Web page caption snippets
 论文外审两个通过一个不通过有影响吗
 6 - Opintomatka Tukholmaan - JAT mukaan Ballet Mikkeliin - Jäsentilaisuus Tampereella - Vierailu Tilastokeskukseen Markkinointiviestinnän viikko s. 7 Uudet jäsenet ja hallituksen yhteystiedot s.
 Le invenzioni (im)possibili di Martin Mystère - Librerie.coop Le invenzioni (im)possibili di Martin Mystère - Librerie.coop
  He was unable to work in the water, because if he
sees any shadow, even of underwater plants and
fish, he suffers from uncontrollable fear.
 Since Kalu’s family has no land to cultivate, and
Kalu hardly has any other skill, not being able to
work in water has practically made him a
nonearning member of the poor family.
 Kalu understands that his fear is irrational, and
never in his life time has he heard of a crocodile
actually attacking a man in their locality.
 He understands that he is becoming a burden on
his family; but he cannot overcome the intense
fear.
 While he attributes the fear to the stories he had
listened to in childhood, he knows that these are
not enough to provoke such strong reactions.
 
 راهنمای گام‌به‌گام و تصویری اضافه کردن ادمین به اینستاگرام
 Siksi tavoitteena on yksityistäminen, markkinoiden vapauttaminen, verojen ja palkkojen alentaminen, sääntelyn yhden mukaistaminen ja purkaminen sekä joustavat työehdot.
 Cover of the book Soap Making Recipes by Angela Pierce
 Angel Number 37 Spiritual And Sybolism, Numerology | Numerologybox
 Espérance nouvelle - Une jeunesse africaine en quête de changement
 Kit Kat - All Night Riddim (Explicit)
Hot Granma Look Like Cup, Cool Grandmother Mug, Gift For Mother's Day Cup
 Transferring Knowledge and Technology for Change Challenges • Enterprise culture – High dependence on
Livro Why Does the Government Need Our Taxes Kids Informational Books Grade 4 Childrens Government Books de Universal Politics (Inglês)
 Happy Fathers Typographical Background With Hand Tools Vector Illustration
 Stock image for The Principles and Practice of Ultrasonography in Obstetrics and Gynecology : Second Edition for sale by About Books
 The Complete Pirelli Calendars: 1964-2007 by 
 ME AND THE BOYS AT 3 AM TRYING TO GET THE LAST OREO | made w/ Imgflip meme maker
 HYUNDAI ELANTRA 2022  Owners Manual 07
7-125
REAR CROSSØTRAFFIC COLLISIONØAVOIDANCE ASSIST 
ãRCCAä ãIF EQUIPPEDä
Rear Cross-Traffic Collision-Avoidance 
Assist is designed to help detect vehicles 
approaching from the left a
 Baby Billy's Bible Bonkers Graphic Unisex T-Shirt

Exercise instructions = Looking at the data above, write out exactly the lines that start at the one containing "his family; but" and end at the one containing "Siksi tavoitteena on"; include both and nothing beyond.

Result below =
his family; but he cannot overcome the intense
fear.
 While he attributes the fear to the stories he had
listened to in childhood, he knows that these are
not enough to provoke such strong reactions.
 
 راهنمای گام‌به‌گام و تصویری اضافه کردن ادمین به اینستاگرام
 Siksi tavoitteena on yksityistäminen, markkinoiden vapauttaminen, verojen ja palkkojen alentaminen, sääntelyn yhden mukaistaminen ja purkaminen sekä joustavat työehdot.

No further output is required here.